‘Meeting the Challenge’ on Participation of workers and communities:
Workers and community residents potentially affected by hazardous exposures must be encouraged and allowed to participate fully in the sound management of chemicals and wastes in their workplaces and communities. To achieve this goal of inclusion, workers must be able – without interference from employers – to organise in the workplace, join unions, develop democratically elected worker health and safety committees and effective training programmes, and pursue other organising activities to make their workplaces safer.
- Workers have the right to collectively bargain as a fundamental human right guaranteed by the UN’s Universal Declaration of Human rights (1948) and by the International Labour Organization (ILO) Declaration on Fundamental Principles and Rights at Work (1998). The brands, with the full participation of workers and their representatives, shall enhance and implement ILO safe work standards and ILO guidelines on occupational safety and health, with special care for vulnerable or precarious workers, including women and immigrants. As well as the right to organise, these protections shall include the right to monitor and enforce effective health and safety protections in the workplace; to refuse or shut down unsafe or unhealthy work; and to be protected from retaliation for exercising their rights (right-to-act and ‘whistle-blower’ protection).

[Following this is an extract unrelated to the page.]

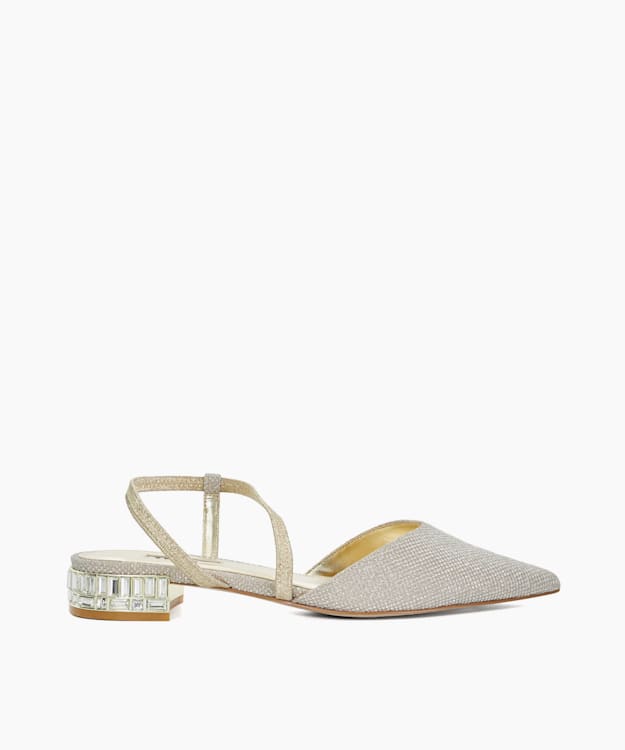 dune london Harlem - Gold Jewel Embellished Open Courts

Joint Health and Safety Committees in the workplace are to be encouraged, even if not required by law, with the worker representatives to be fairly elected by their peers. The brands and suppliers shall develop frameworks to promote the active and meaningful participation of all stakeholders in the sound management of chemicals and wastes, including community representatives, non-governmental organisations, managers, workers and trade unions. All hazard communication, education and training shall be conducted in appropriate languages understood by the workers.